Elle fit un geste du menton, et les caméras se recentrèrent sur une première scène dans le hangar. Kara venait de quitter son Viper ; Tyrol, les bras encore lourds de fatigue, l’attrapait par la taille pour la soulever d’un demi-tour, comme un réflexe impulsif, brut, instinctif. Elle riait. Un rire rare, franc et lui grognait quelque chose qu’on n’entendait pas mais qu’on devinait tendre derrière la rudesse. Ils se chamaillèrent, presque comme deux ados pris dans une bulle intime : elle lui donna une tape sur l’épaule, il la saisit brièvement par la nuque, leurs fronts se frôlèrent un instant. Un lien solide. Brûlant. Indestructible. Six murmura :
« Ceux-là… sont le feu et le marteau. Deux âmes brisées qui se réparent l’une l’autre. »
Baltar déglutit.
« Je… je ne suis pas sûr de comprendre ce que… ce que cela signifie… »
Six sourit, un sourire qui n’était pas humain.
« Ce n’est pas à toi de comprendre. Pas encore. »
Puis elle tourna légèrement la tête, indiquant un autre angle de caméra. À l’autre bout du hangar, Mia et Lee sortaient par deux portes différentes, comme s’ils avaient secrètement décidé d’éviter tout contact pour ne pas exploser à nouveau sous la pression de leurs émotions. Leurs trajectoires se croisèrent malgré tout, à quelques mètres seulement. Lee ralentit. Mia ralentit aussi. Ils ne se parlèrent pas. Mais le silence devint dense autour d’eux. Leurs regards se frôlèrent, juste assez pour faire naître une tension vibrante dans l’air. Une respiration de trop pouvait tout dévoiler. Puis ils se détournèrent vivement, chacun de son côté. Six soupira, ravie.
« Et eux… Ils sont le fil et la lame. La peur et le courage. Le choix et le sacrifice. »
Elle effleura la joue de Baltar du bout de ses doigts impeccables.
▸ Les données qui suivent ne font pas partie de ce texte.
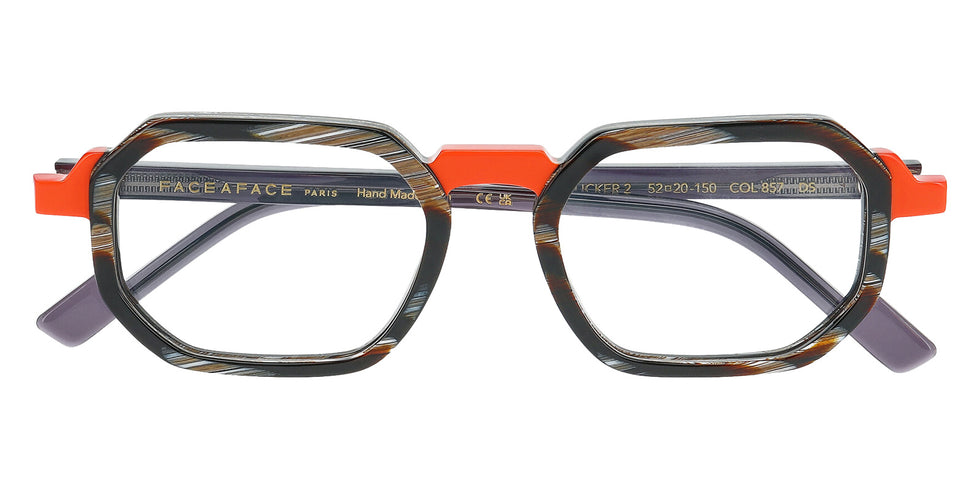 Face a Face® FLICKER 2 FAF FLICKER 2 857 52 - Black Horn Eyeglasses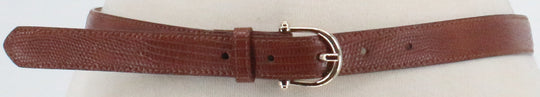 Loft Brown Croco Belt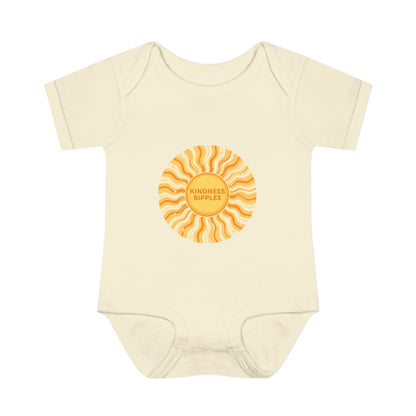 Sunshine Infant Bodysuit - "Mindfulness Ripple" Design for Newborns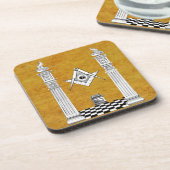 Masonisch Onderzetter (Linkerzijde)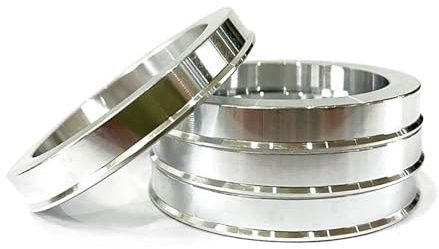 Zentrierringe 4 Stück Aluminium-Auto-Radnaben-Zentrischringe 72,6–64,1 Naben-Zentrischringe, Außendurchmesser = 72,6 mm und Innendurchmesser = 66,6 mm. 72,6 bis 54,1 Radnaben Zentrierringe(72.6-57.1 m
« Ce n’était pas seulement une mission brillante, Gaius. Ce qu’ils ont accompli… ce qu’ils représentent… Ils sont liés. Par la guerre. Par le destin. Par quelque chose… de beaucoup plus grand que vous tous. »
Baltar devint livide.
« Vous voulez dire qu’ils sont… importants ? Vraiment… importants ? »
Six se pencha, ses lèvres frôlant presque son oreille.
« Essentiels. Et toi, Gaius… tu feras partie de leur histoire. Que tu le veuilles ou non. »
Baltar lâcha son mouchoir. Ses jambes flanchèrent. Il vacilla, chercha une console du bout des doigts… Et s’évanouit presque sur place. Six observa la scène en souriant, l’air parfaitement satisfaite.